Be sure to make pickled cabbage the day before. It keeps well in the fridge for a couple of weeks. Use it in salads, sandwiches...just about anything!

Course Main Course
Cuisine American
Keyword easy appetizer recipe, easy lunch recipe, light recipe
Prep Time 10 minutes
Cook Time 3 minutes
Total Time 13 minutes
Servings 4 servings
Author The Daily Harvest Restaurant

Ingredients

Pickled Cabbage Slaw: Make ahead

  • 1/4 red cabbage super thinly sliced, I use a mandolin
  • 1/4 green cabbage again, super thinly sliced
  • 1/4 of a red onion thinly sliced
  • 1/2 cup red wine vinegar
  • 1/4 cup olive oil
  • a generous pinch sea salt
  • 1/2 tsp black pepper

The Toast:

  • 4 pieces of your favorite artisan bread
  • 2 cups kale ribs removed and chopped
  • 1/2 a clove of garlic minced finely
  • 2 large ripe avocados peeled and mashed
  • 1-2 teaspoons fresh lemon juice
  • pinch sea salt
  • pepper

Instructions

  1. The Pickled Cabbage: Make ahead by tossing everything together and then allowing to sit in the fridge at least overnight. The longer it sits the better it tastes!
  2. Wash and dry kale. Remove center ribs from stalks.
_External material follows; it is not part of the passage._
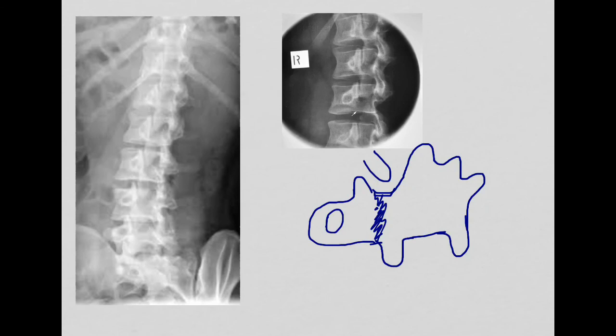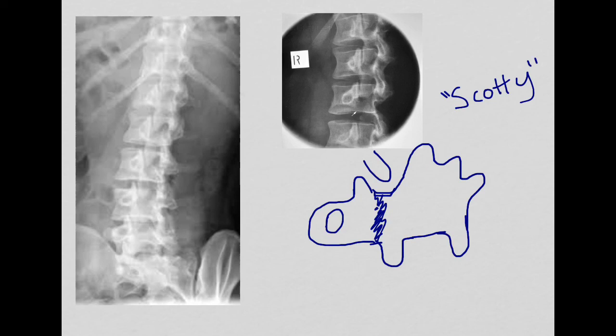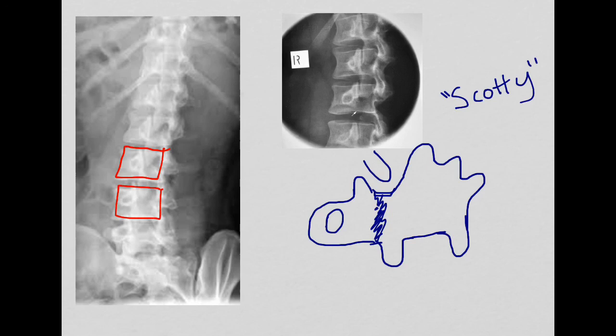Now we're going to take a look at the famous lumbar oblique projection, where we can identify our little friend Scotty. Scotty is going to tell us a lot about our projection and whether we've positioned correctly, because if we don't see him or if his eyes move to different places, we know we've done something incorrectly. I'm not going to spend a lot of time going over vertebral bodies because I think you have an idea of where those are — and within each one of those bodies, you are going to find our little friend Scotty.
Discard ribs, chop leaves. Prep garlic.
  3. Set a pan on medium heat. Add a little butter or olive oil and saute kale and garlic for 2-3 minutes. While kale cooks, prepare avocado and pop bread in the toaster.
  4. With a fork, mash avocado, lemon juice and sea salt until smooth.
  5. Spread toast with avocado mash, top with kale and pickled cabbage! Serve.